Starlancer also appeared on Sega's short-lived but much-loved Dreamcast platform, so if you can't make it work on your PC, it's worth checking in with classic console dealers or your favorite online retailer.
(1997, Good Old Games)
Independence War, or simply I-War outside of North America, is another one I would've included last time if I'd had the space. Ahem. Sorry.
It's looking a little long in the tooth in 2014, but you can't argue with a sim that gives you your very own corvette as well as four command stations and the ability to control other ships via remote link. The player's vessel is basically a small capital ship, which was something of a departure in both flavor and handling from most of the fighter-centric space sims of the day.
Independence War was also one of the more challenging space sims I've ever played, though this was more due to the tricky mission design than superlative AI.
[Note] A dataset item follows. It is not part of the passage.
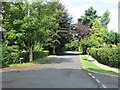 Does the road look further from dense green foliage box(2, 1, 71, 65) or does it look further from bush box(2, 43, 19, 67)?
dense green foliage box(2, 1, 71, 65)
My late '90s self was as enamored of Independence War's cutscenes as its gameplay, and that's no slight to the latter. I fondly recall fighting my way through 40-odd missions and actually caring about what happened to my character and my ship thanks to a storyline that strayed well above the typical pilot-as-savior-of-the-galaxy genre standard.
In closing, you really can't go wrong with any of these seasoned space sims. Most are showing their age in terms of aesthetics, but they're also continuing to hold their own in terms of fun gameplay.